Well, by this point, I'm sure you can guess what happened. Little Pompey sat in front of our door and just sobbed his little heart out. Where were we? Where had we gone? He missed us. We couldn't take it. It was too much, this pitiful cry of Pompey's. We opened our door, and Pompey leaped joyously into our room and up onto our bed. He promptly claimed his own space right above our heads, nestled on the pillows, and fell right asleep. Andrew and I drifted off to sleep ourselves, lulled to dreamland by the gentle kitty snores and sighs of Pompey.

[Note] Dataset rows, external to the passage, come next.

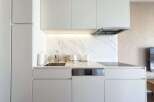Modern kitchen with white cabinets and marble backsplash.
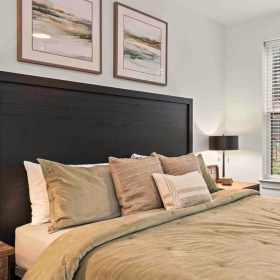 bedroom with bed and large window near Arden, NC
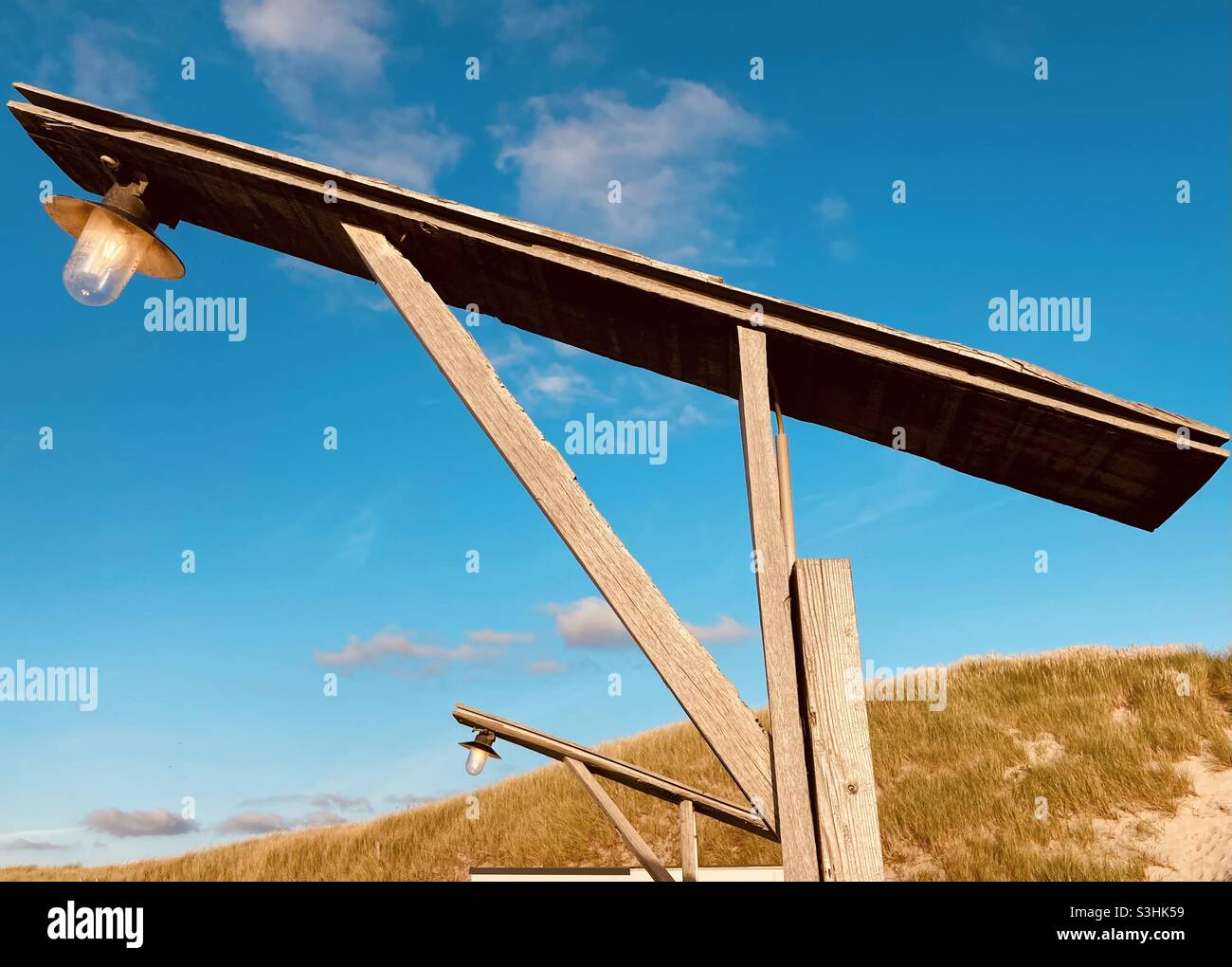a burning lamp against a blue sky in broad daylight attached to a wooden gallows Stock Photo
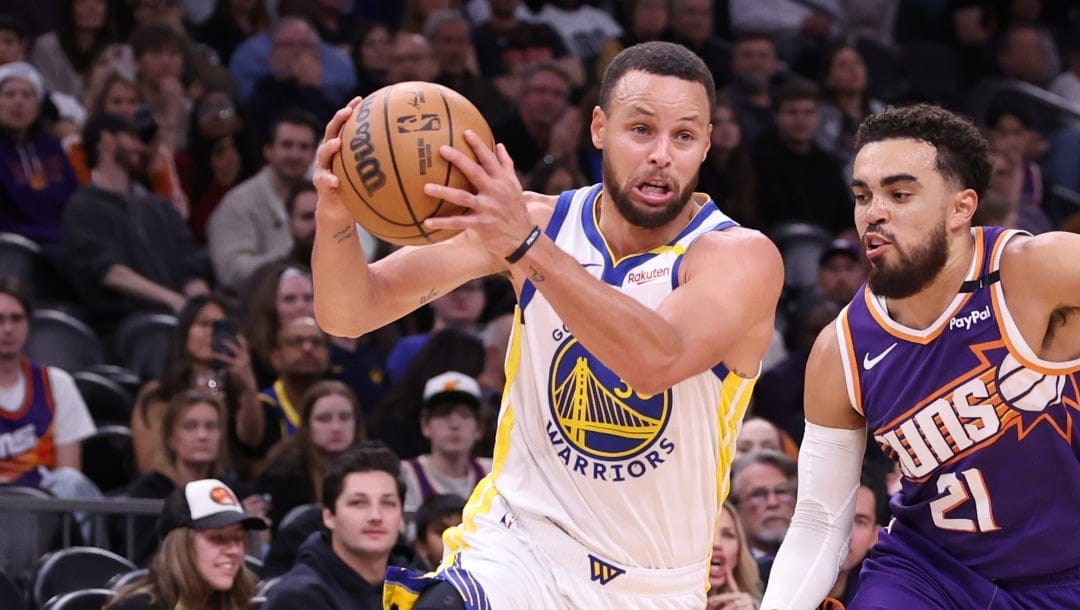 PHOENIX, ARIZONA - NOVEMBER 30: Stephen Curry #30 of the Golden State Warriors drives to the basket against Tyus Jones #21 of the Phoenix Suns during the second half at Footprint Center on November 30, 2024 in Phoenix, Arizona. NOTE TO USER: User expressly acknowledges and agrees that, by downloading and or using this photograph, User is consenting to the terms and conditions of the Getty Images License Agreement.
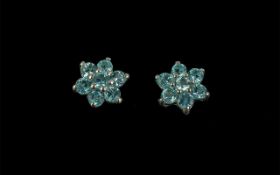 Russian Apatite Star Stud Earrings, each having seven round cuts of the aqua blue apatite,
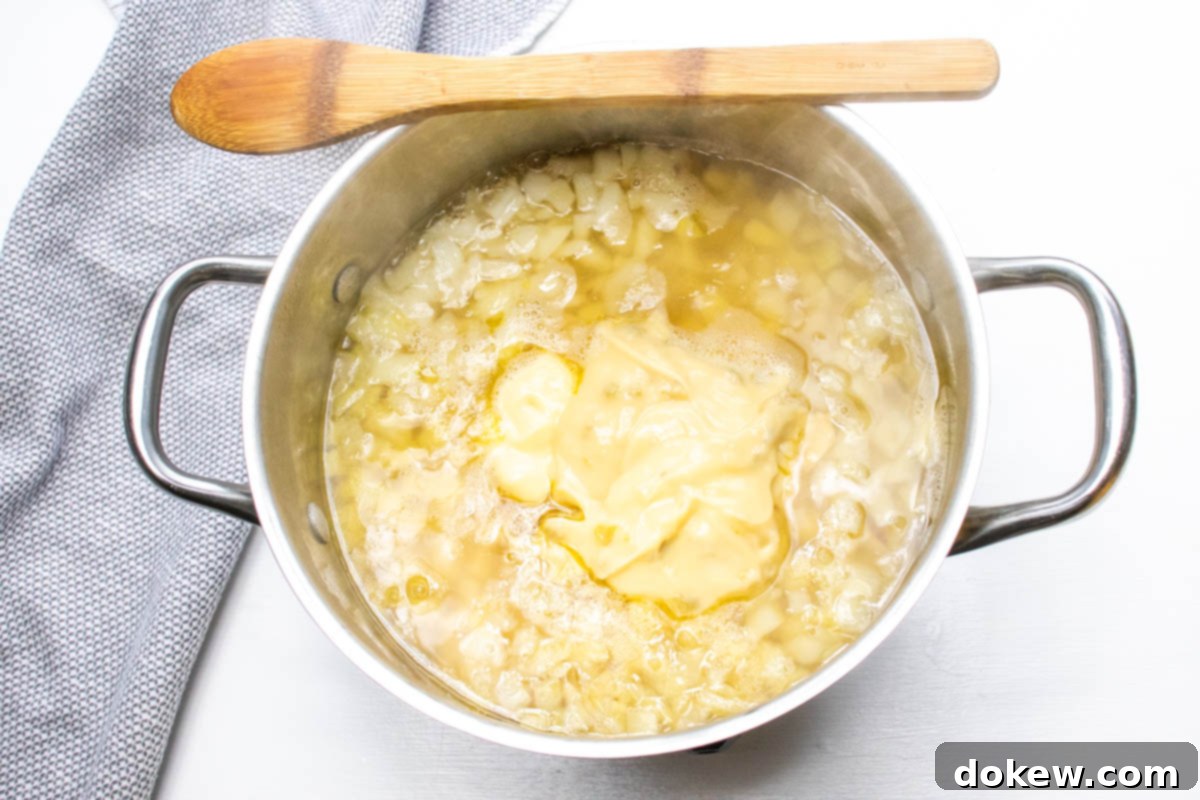 30-Minute Hash Brown Potato Soup 4 Potato soup after adding cream soups and evaporated milk to the broth, onions, and hash browns.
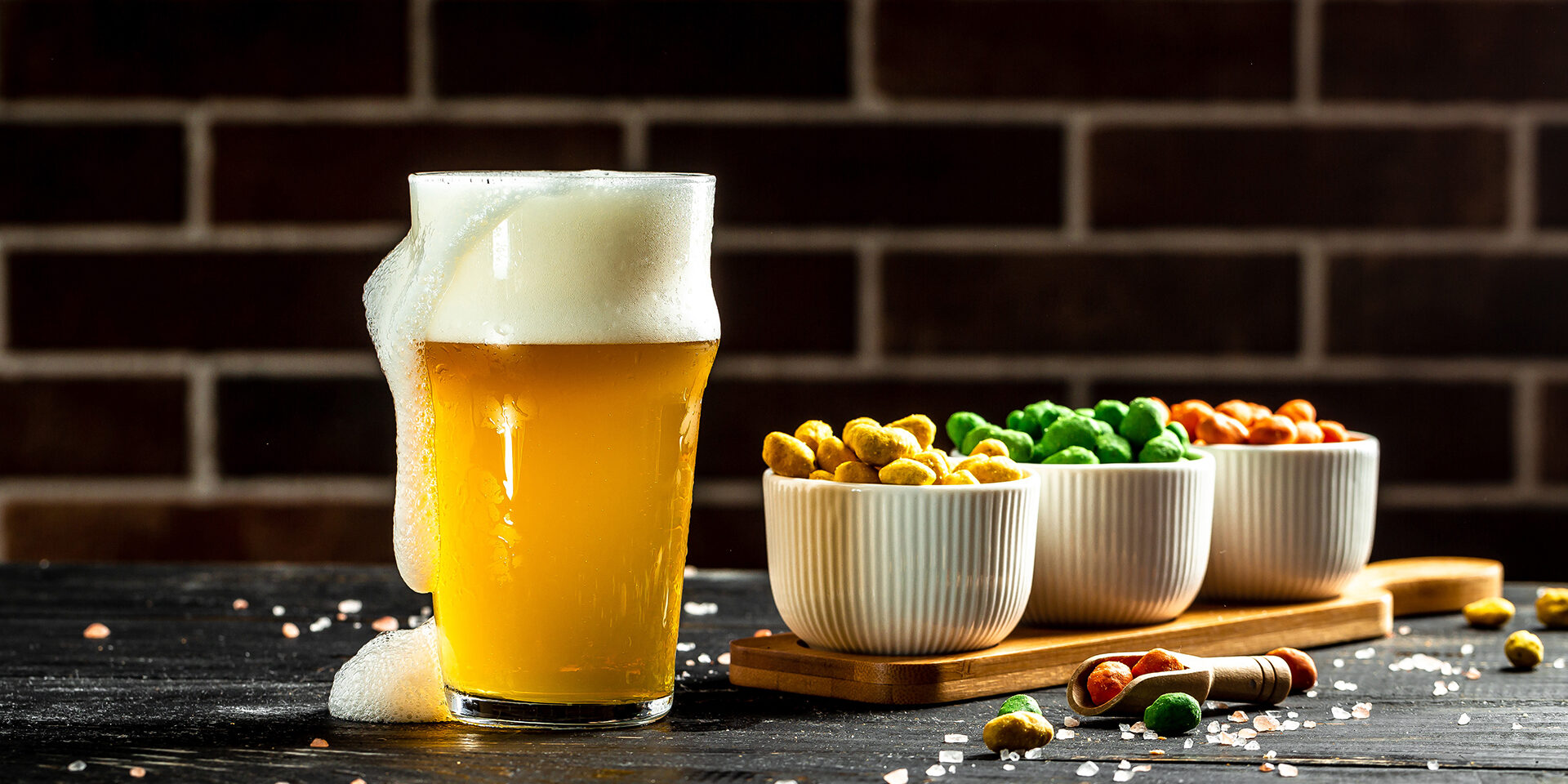 Bowl of nuts and beer on wooden table, set of peanuts with different flavors, Snacks for beer. banner, menu, recipe Bowl of nuts and beer on wooden table, set of peanuts with different flavors, Snacks for beer. banner, menu, recipe,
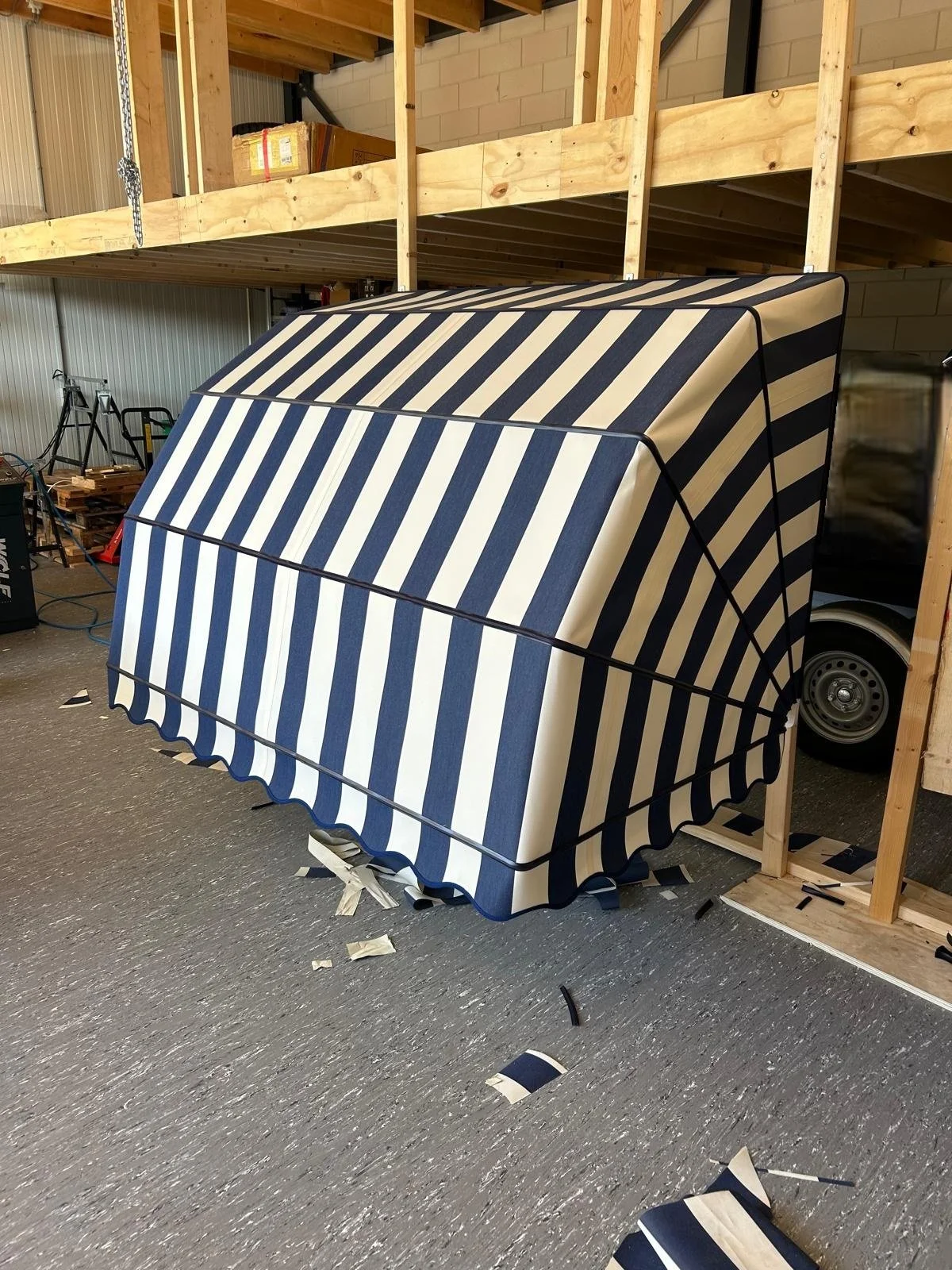 Een schuur met een tafel met een blauwe en witte gestreepte markies in het productieproces. Er liggen stukjes van het doek op de vloer.
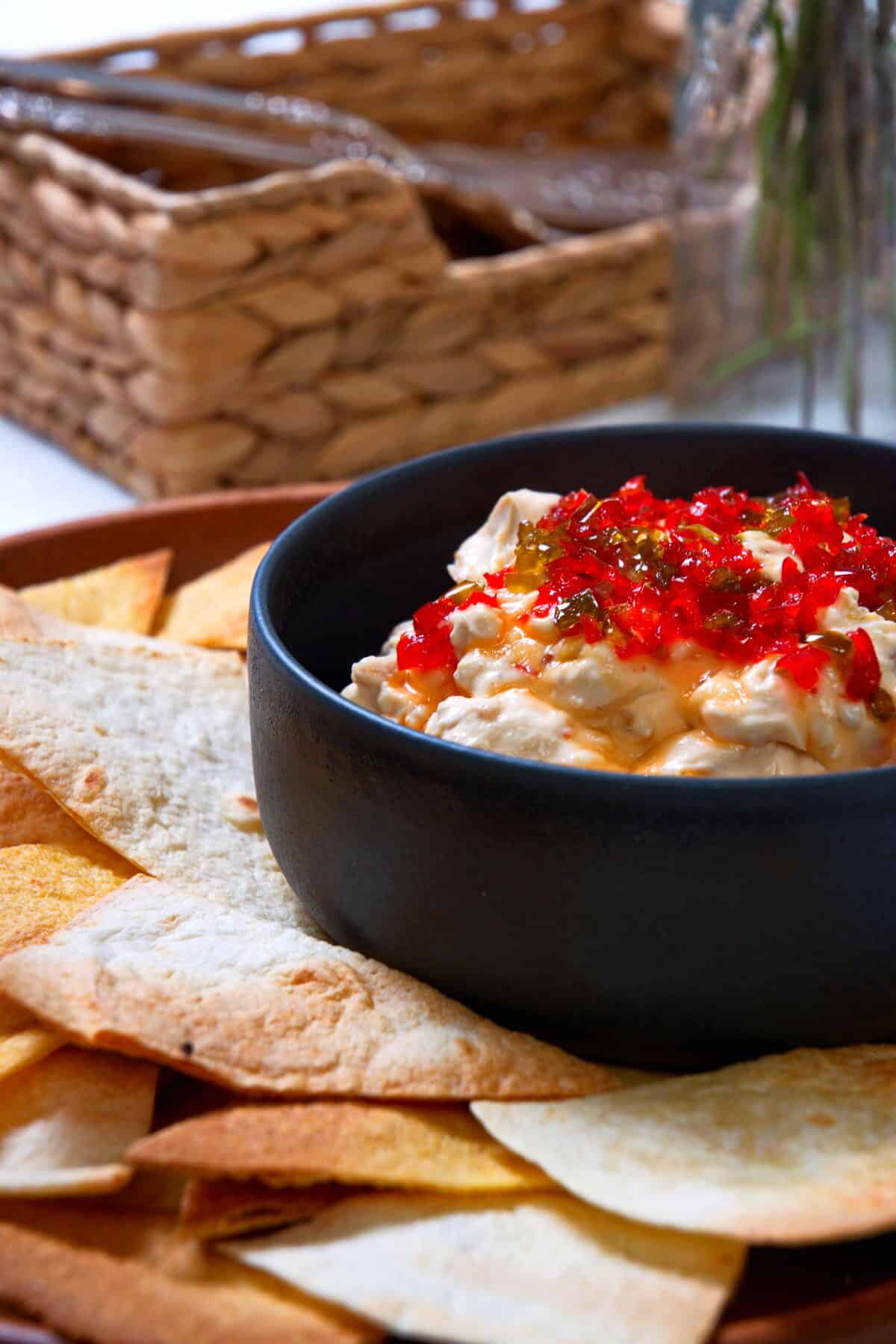Kimchi cream cheese spread in a small black bowl, surrounded by tortilla chips.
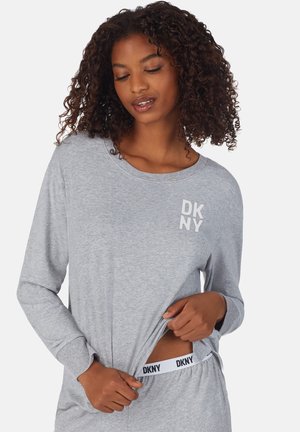 Frau mit lockigem Haar, die ein hellgraues langärmliges Oberteil und eine Hose trägt, zieht ihr Shirt hoch, um den weißen DKNY-Bund der Hose zu zeigen.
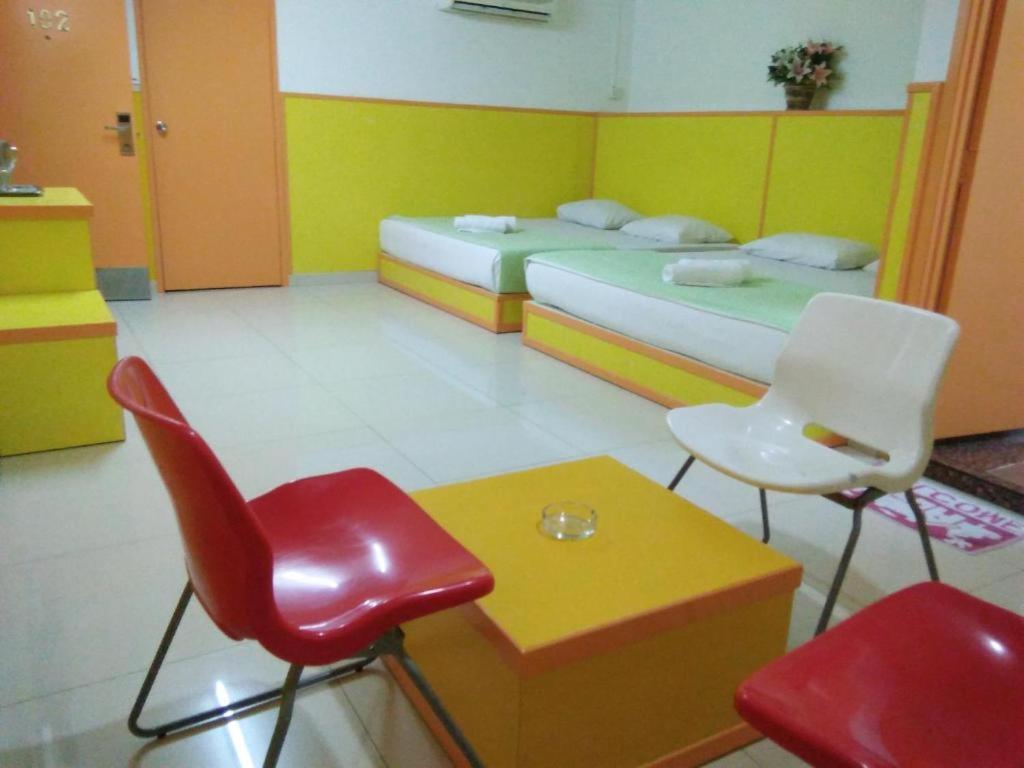 Postel nebo postele na pokoji v ubytování Hotel Abby IGB Tasek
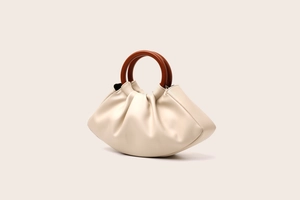 Detail view of beige ruched dumpling bag featuring premium dark brown wooden circular handles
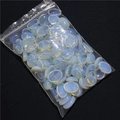 Macro shot of 13x18mm oval opal stones with blue-orange flashes on dark background - Opal (Synthetic) (1 Piece)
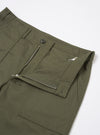 Green pants with a zipper pocket on a white background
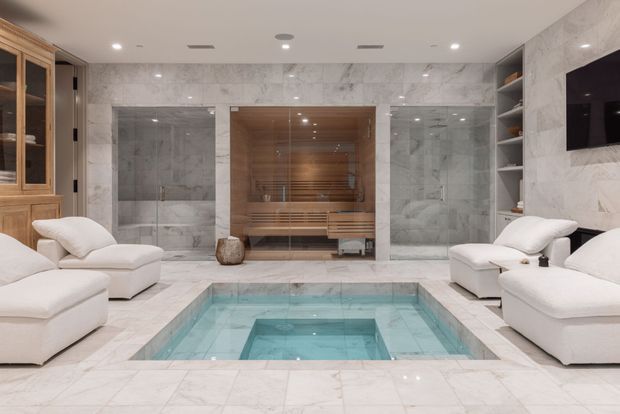 Luxurious indoor wellness area featuring a sunken rectangular plunge pool or spa in the foreground, surrounded by pale marble flooring and walls. A timber-lined sauna with glass doors is centered at the rear, flanked by glazed shower enclosures. White upholstered lounge chairs, built-in timber cabinetry, open shelving, and a wall-mounted television complete the refined spa-like interior.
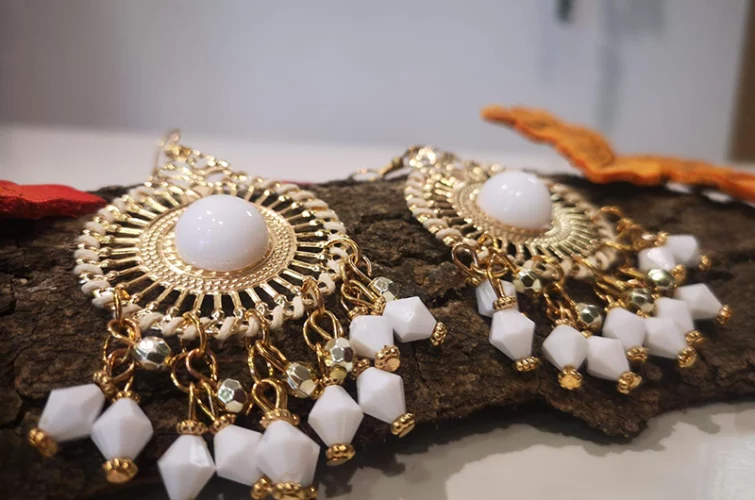 boucles d'oreilles fantaisie blanches et dorées posées sur une écorce d'arbre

It's been five years since that first day with Pompey, and each day with him has been a joy. Pompey has been an endless source of love and devotion for us. We adore him just as much as he adores us. To this day, Andrew and I look at each other, look at Pompey, and wonder what we would ever do without him. He's such a wonderful member of our little family, a sweet little person in a furry package.

*Names have been changed to protect the furry! Pompey is just an amusing nickname for my furry little baby.

Monday, September 24, 2007

Life without Television.

For the past two years, my husband Andrew and I have been conducting an interesting experiment: living life without television. We didn't intend to make it an experiment- quite frankly, our television-less state evolved from a move to a new apartment in which we were too lazy to call the local cable company to set things up and a strong desire to save fifty bucks a month. We had plans to at least get an antenna- but as we were too lazy and cheap to call a cable company, we never got around to that (as a side note, a relative got exasperated at our television-less state and bought us an antenna for Christmas last year. When we hooked it up in August, we were amused to see we only got two very fuzzy channels in languages we can't quite comprehend).

Being television-less has some interesting side effects. For one, we miss out on a lot of water cooler conversation. No, we haven't seen the latest Survivor or that action packed episode of 24. We're lost when it comes to Lost. We don't have a favorite hero on Heroes. Occasionally, we go through withdrawal. We had been addicts of shows like Law and Order and Monk, and suddenly, they were gone from our life. We'll never know if that criminal was brought to justice or what weird small clue solved the case. I in particular feel cravings for the Home and Garden channel, because I absolutely need to know the latest on home design (I like to dream!).

On the other hand, we find we have a lot of time on our hands. We read a lot. The latest Stephen King? We've read it. The final Harry Potter- we read it the night it came out (Okay, so did everyone!). We play games: Andrew still has yet to catch up to my some 5,000 point lead in Rummy, and I still can't beat him at Chess. We go for lots of walks. We play with out cats. Sometimes, we watch movies (we have no cable or antenna, but we still have that big black box collecting dust). We talk a lot. It's a nice quiet life, and we rather like it.

How long is this experiment going to last? I don't know. We've been dancing around the subject for a while now, wondering when we'll cave. The one thing we know is that when we do decide to get reconnected to the television life, we're going to make sure we know where that off button is and make good use of it.